Thursday, December 13, 2012

Hidden History of Cannabis Use in America




The first law relating to cannabis in the United States didn’t prohibit the plant or reference the term marijuana. According to Jack Herer, activist and author of “The Emperor Wears No Clothes” a book used in cannabis decriminalization efforts, claims that all farmers at Jamestown Colony in Virginia were ordered to grow Indian hempseed. Additional must-grow laws were later enacted in Massachusetts, Connecticut, and the Chesapeake Colonies by the mid-1700’s.
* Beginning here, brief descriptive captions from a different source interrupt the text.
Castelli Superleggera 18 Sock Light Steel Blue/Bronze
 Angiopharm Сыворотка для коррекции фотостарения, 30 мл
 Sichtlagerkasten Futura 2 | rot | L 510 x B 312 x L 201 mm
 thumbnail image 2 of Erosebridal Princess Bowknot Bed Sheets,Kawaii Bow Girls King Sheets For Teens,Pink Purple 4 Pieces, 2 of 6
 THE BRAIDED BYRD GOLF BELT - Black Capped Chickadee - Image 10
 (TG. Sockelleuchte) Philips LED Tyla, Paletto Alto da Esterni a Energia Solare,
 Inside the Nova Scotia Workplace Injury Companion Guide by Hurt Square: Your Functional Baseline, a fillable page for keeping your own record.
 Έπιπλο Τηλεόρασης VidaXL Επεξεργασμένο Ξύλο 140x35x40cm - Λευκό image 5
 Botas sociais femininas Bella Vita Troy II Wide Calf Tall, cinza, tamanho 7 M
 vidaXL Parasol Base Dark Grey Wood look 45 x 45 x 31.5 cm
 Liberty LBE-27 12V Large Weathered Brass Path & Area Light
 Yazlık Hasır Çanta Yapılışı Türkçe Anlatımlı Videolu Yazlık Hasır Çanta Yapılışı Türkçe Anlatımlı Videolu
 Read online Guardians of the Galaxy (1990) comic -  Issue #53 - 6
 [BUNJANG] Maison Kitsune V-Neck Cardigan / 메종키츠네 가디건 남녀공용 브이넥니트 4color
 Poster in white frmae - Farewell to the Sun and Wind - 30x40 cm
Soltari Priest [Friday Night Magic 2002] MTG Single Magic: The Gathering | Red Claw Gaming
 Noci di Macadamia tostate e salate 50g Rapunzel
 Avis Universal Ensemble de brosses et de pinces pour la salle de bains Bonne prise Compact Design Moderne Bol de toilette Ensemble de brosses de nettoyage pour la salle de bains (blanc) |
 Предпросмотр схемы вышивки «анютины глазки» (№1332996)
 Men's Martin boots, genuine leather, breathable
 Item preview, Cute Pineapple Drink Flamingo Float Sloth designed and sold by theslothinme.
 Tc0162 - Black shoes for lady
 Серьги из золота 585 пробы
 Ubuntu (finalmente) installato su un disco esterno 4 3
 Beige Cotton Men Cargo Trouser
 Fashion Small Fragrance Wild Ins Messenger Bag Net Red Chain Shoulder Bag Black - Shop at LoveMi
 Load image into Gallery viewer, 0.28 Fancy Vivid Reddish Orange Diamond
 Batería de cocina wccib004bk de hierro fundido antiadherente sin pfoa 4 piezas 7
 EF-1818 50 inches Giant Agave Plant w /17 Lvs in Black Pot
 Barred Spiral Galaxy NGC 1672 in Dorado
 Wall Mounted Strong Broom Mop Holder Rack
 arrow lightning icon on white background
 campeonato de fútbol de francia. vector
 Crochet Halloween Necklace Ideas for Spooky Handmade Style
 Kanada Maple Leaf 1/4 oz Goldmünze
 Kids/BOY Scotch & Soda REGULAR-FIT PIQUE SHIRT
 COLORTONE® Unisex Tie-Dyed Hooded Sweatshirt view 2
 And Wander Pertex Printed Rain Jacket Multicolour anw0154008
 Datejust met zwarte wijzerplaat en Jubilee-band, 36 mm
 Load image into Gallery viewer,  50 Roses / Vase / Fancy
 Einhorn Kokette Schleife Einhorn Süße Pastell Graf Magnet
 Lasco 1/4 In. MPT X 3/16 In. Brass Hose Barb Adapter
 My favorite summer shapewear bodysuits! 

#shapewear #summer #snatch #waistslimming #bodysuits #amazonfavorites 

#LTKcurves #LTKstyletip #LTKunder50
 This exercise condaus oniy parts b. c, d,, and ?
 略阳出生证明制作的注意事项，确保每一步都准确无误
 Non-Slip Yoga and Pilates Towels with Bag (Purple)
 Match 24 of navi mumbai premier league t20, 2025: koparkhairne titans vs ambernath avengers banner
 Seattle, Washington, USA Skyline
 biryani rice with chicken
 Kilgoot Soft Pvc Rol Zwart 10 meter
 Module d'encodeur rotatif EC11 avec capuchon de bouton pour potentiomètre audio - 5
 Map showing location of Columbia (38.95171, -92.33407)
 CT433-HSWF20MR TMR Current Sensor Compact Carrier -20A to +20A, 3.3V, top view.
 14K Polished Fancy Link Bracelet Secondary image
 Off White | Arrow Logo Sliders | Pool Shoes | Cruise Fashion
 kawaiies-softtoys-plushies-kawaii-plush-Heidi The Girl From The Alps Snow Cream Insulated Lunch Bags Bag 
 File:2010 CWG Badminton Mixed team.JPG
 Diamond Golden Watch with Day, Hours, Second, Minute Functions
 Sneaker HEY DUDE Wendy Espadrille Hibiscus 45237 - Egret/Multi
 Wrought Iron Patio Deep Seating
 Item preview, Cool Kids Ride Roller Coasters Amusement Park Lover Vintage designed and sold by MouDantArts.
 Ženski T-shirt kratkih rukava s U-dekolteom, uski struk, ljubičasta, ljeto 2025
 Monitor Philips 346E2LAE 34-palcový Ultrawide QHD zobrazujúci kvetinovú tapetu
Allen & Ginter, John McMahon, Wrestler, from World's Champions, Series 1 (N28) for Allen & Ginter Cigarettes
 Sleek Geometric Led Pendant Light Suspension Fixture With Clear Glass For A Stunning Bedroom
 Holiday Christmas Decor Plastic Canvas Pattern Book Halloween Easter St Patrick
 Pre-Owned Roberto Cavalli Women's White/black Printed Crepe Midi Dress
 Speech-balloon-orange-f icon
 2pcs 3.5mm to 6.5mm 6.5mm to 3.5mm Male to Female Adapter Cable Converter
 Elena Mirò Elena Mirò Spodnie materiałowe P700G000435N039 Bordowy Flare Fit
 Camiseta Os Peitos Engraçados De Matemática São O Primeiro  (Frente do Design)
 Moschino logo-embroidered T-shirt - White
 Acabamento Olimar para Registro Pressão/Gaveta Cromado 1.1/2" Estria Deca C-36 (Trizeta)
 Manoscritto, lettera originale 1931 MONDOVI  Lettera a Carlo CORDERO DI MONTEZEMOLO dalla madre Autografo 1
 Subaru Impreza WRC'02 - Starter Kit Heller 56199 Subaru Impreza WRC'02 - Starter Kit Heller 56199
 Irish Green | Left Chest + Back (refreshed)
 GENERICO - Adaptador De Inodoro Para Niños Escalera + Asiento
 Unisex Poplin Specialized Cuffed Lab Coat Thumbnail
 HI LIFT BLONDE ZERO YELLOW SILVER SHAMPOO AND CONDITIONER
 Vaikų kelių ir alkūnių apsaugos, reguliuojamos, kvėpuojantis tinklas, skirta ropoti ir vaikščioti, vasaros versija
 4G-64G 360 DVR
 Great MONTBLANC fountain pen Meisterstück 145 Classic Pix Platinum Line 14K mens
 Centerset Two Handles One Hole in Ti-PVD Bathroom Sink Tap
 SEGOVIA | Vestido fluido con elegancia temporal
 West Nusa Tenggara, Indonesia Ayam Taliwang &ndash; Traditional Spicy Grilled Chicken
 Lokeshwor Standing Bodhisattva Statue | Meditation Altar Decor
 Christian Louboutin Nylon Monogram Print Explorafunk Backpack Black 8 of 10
Surprisingly in the United States Census of 1850 an astonishing 8,327 hemp ‘plantations’ (minimum 2,000-acre farms) were counted in which hemp was grown for cloth, canvas, and even cordage used for baling cotton. 


Figure 1:
The female cannabis plant referred to as marijuana.
Source:
Blozie, Kimberly; "Cannabis/Marijuana cracked
by Medicinal Genomics"; (2012): Web.
In fact, botanically speaking hemp, cannabis, or marijuana is a member of the most advance plant species on Earth. Cannabis is  able to use the sun more efficiently than any other plant, reaching 12 to 20 feet in one, three month growing cycle. Able to grow in the majority of climates and soil conditions, cannabis is one of the most important natural resources to ever be grown on this Earth.  With the wide spread production of hemp through the 1850’s what changed this industrialize, successful crop into a prohibited drug banned from all forms of production? 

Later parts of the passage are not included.